Handwritten

Old skool all-round entertainer Ryan Hand headlines a bizarre evening at the Black Box

There's not one other comedian at Ryan Hand's first hour long show, Handwritten, at the Black Box in Belfast. Clearly factionalism still has a place in Northern Irish comedy.

Hand is definitely, defiantly, not of the Belfast comedy scene, and his audience is not a Belfast comedy audience – there are girls here, for a start. It seems a shame that nobody felt obliged to check out the competition.

First up is Holywood hunk Shane Todd, performing a short set and compering the evening. His opening gambit to the room, 'Who are you wearing tonight?' is one of the oddest questions I've ever heard at a gig. It works with this crowd, though. They don't bat an eyelid.

Later, when Hand asks the crowd, matter-of-factly, 'Anyone here been to Las Vegas?' fully a third of the crowd raise their hands. I've never felt so alone watching comedy. Todd, meanwhile, completes a truncated version of his recent Anecboats set, displaying his usual confidence and charm: banter is deployed. It's a soft opening for the evening.

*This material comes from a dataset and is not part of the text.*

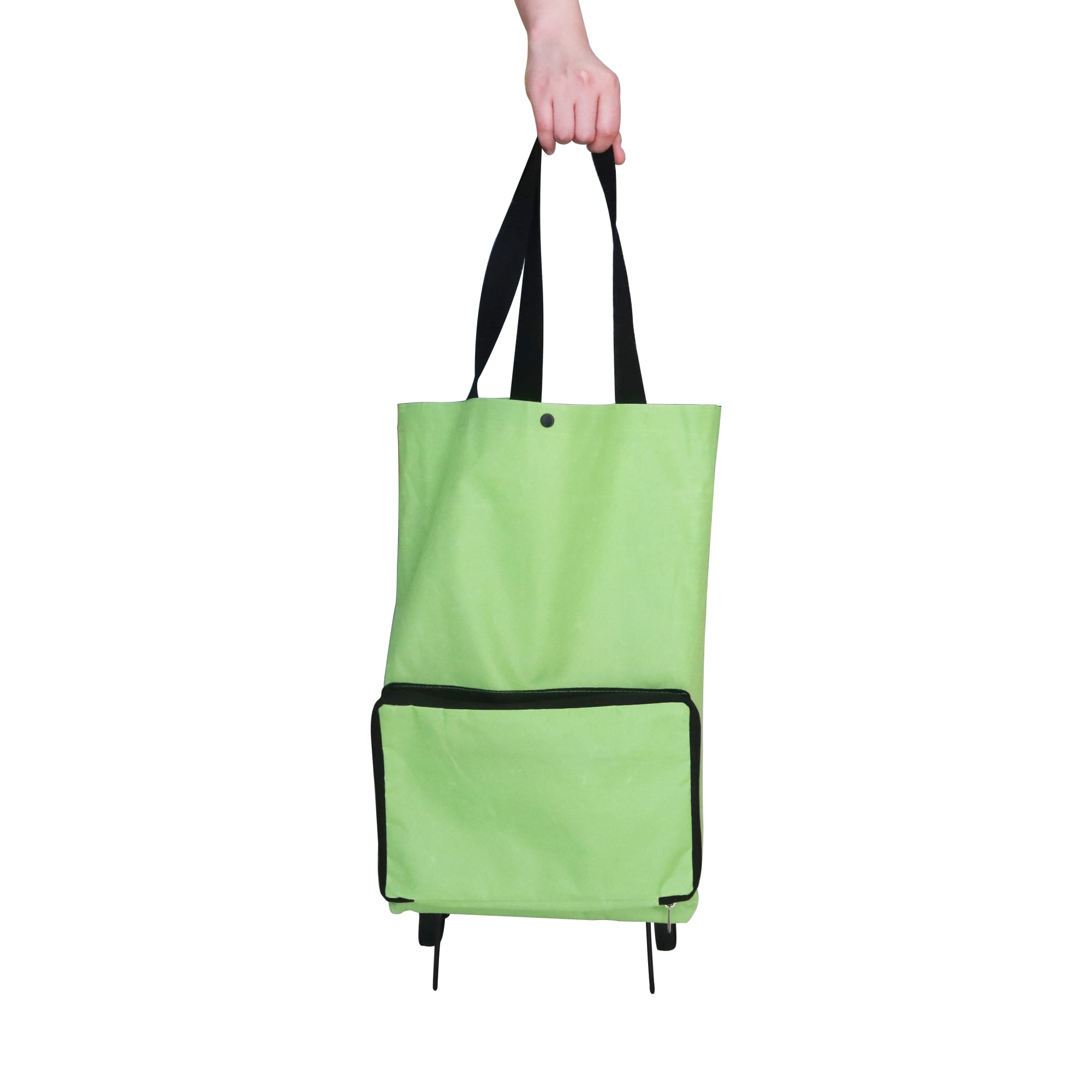 A green collapsible shopping trolley bag with black accents and a front pocket, held by a hand.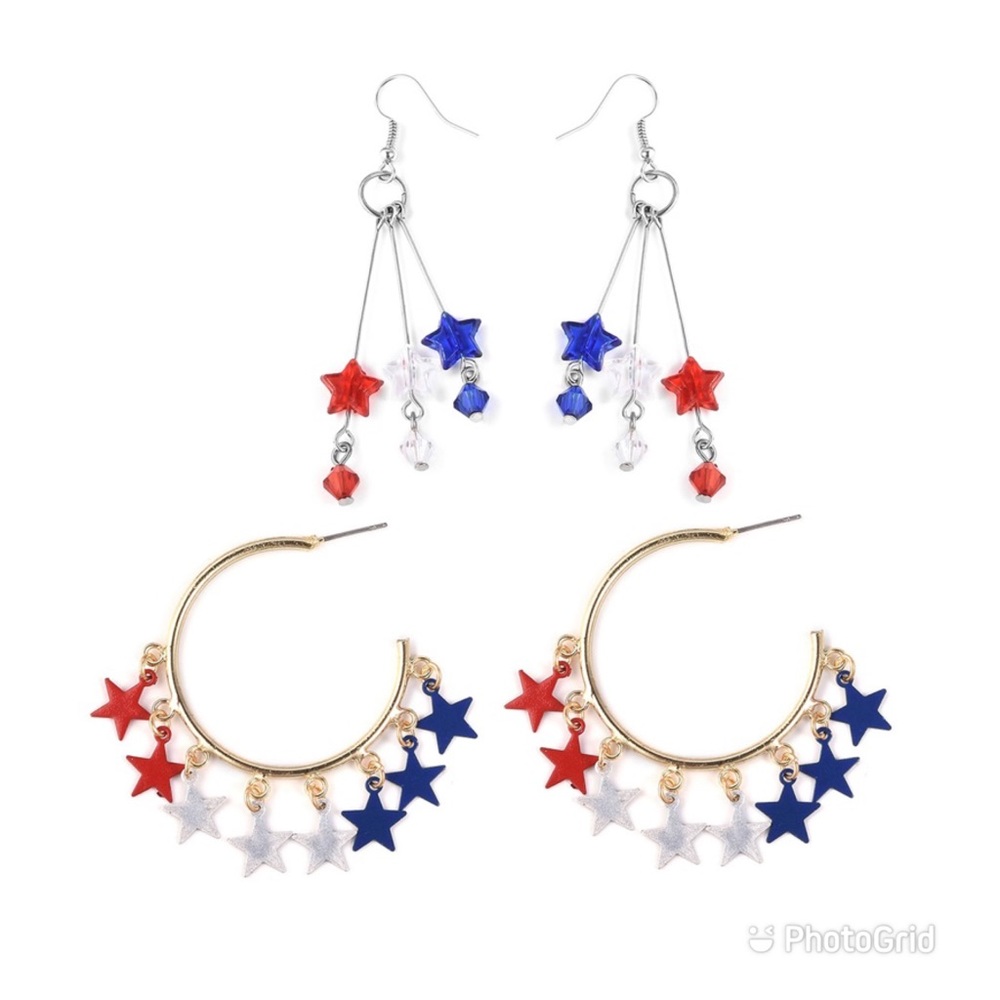 Set of 2 Chroma Patriotic Star Earrings - Picture 1 of 3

Next up is the honed and proficient Darren Matthews from Newry – 'Or for any Protestants in, London-Newry'. He is an efficient laugh maker, a seasoned pro adopting the classic 'leaning on the mic-stand' pose. He's also a fine supporting comedian: polished, unthreatening and in and out without touching the sides.

Hand then leaps onto the stage in a spangly show-biz jacket. He already looks like a constellation of stars, but will he prove to be one tonight? 'I haven't got a clue what's going to happen in the next hour,' he cheerfully admits. I spot a guitar lurking in the shadows by the side of the stage, so I have an inkling. It sends a shiver through me.

What he does first, though, is point out that two of the people who bought tickets to the show have foreign names. Now, I'm fairly sure there is no malice intended – he isn't being mean to them, he just wants to know how they found out about the show – but it is an odd, awkward way to start a comedy set, and outlines a guilelessness that seems to hang over Hand the entire length of the performance.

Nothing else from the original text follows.